Thorning-Schmidt did not elaborate on her comment. Shortly after the terror attacks in France, she said she was looking into how the Danish secret service can get extra resources to fight terrorism while also pushing forward a referendum on Denmark’s opt-out from EU justice and home affairs cooperation.

>> Read: Paris killings cement Danish referendum on EU justice opt-out

After 16 years as part of the criminal law enforcement agency Europol, Denmark might soon have to leave the EU’s police corporation. Denmark will also be excluded from the EU’s possible new Passenger Name Records (PNR) legislation which aims to determine travel patterns of terror suspects and draw conclusions concerning their stays in training camps or conflict areas.

While Thorning-Schmidt, as well as other pro-EU party leaders in the Danish parliament have promised a referendum on the justice opt-out by no later than April 2016, the referendum could be much closer now that previously expected.

Danish Minister for Justice Mette Frederiksen also told DR, the state broadcaster, on Sunday that new laws on terrorism could be expected after the attacks. She said at a news conference: “Unfortunately, there isn’t room for being naive neither today or in the future. There are dark powers that want to harm us and therefore we need to deliver a significant response.”  

A month ago, Frederiksen visited the French Minister for Internal Affairs Bernard Cazeneuve in Paris to show her respect for the victims of the Paris killings. Only hours after the attacks, Cazeneuve returned the favour, saying he was visiting Copenhagen to show sympathy and support. French President François Hollande was likewise the first head of state to call Thorning-Schmidt and express his condolences.  

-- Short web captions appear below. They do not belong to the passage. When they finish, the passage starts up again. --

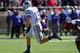 LUBBOCK, TX - NOVEMBER 9: Quarterback Jake Waters #15 of the Kansas State Wildcats breaks free for a touchdown during game action against the Texas Tech Red Raiders on November 9, 2013 at AT&T Jones Stadium in Lubbock, Texas. The Kansas State Wildcats w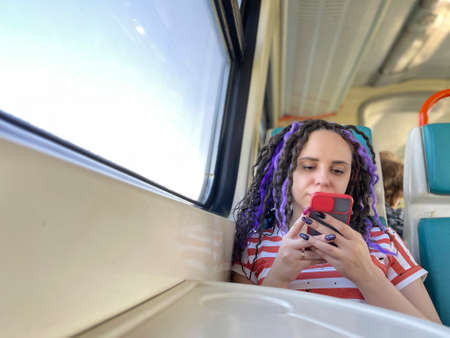 Young relaxed woman riding on train, browsing mobile phone. Concentrated female using smartphone,...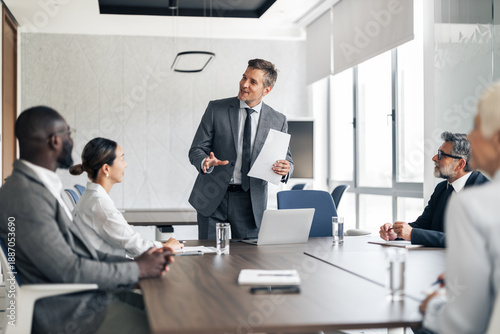Photos Businessman presenting information during corporate business meeting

“It means something to me and I think it means a lot for everyone in Denmark to know that the rest of the world is with us in a situation which is so difficult,” the justice minister said.

The European Commission released a statement following the attacks:

"The European Commission and the High Representative deplore the attacks in Copenhagen costing the life of at least two citizens and injuring several others. Even one life is one too many. Our thoughts are with the victims and their families. Europe stands united with Denmark in upholding freedom of speech and freedom of expression. We stand against anti-Semitism and all forms of discrimination. Europe will not be intimidated."

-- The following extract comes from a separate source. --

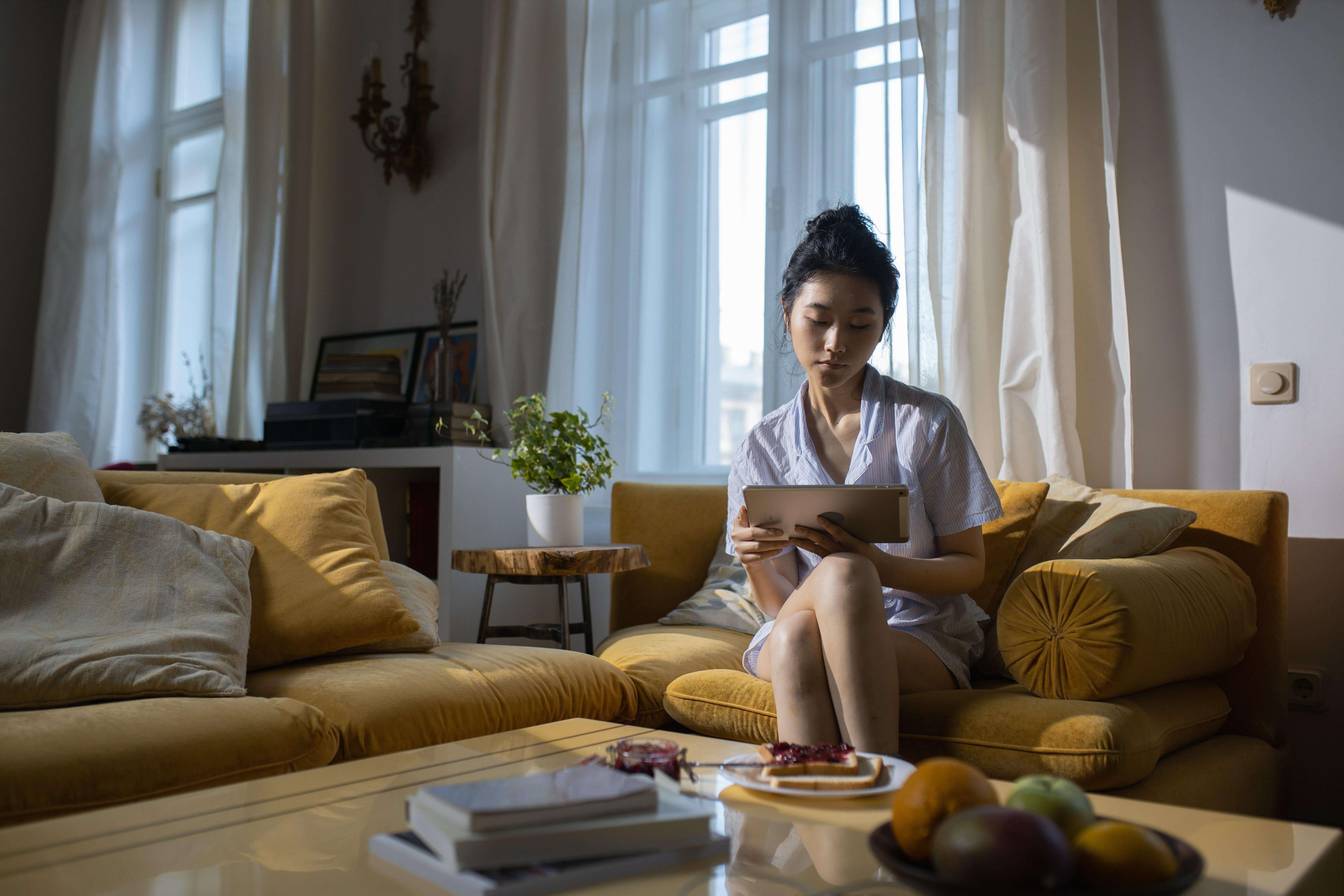 Woman looking at laptop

The President of the EU Council, Donald Tusk, said in a statement:

"Once again Europe is shocked by what appears to be another brutal terrorist attack targeted at our fundamental values and freedoms, including the freedom of expression. On behalf of the European Union, I wish to express our sympathy and support to Denmark and the Danish people in this situation and the victims and their families and relatives. Our determination to fight all kinds of extremism and terrorism is only strengthened by such attacks. This determination was confirmed by all EU leaders at our meeting in Brussels only two days ago. We will press forward with our new agreed priorities in the fight against terrorism. We will face this threat together".

The French Élysée Palace issued a statement on Saturday:

"The President of the Republic has learned of the attack that occurred this afternoon in Copenhagen at the end of a meeting on Islam and freedom of expression attended by the Ambassador of France in Denmark François Zimeray who was not hit by gunfire. Several injuries were nevertheless reported. The President expresses to the Prime Minister of Denmark, Helle Thorning-Schmidt, solidarity of the entire France over this event.The Interior Minister, Bernard Cazeneuve will soon visit Copenhagen."

Cooperation in fighting terrorism intensified among EU countries after the 2001 World Trade Center attacks in the US, and even more so after the Madrid and London bombings in 2004 and 2005.

“In reaction to 9/11, the EU developed the European Arrest Warrant. But we need to do more,” said Donald Tusk, the President of the European Council which brings together the 28 EU heads of states and government.

Tusk was reacting to the January 2015 assault on the satirical paper Charlie Hebdo, and the subsequent terrorist attacks in Paris, in which 17 people were killed.

Immediately after the Paris attacks, European officials pledged to reinforce cooperation in the fight against terrorism.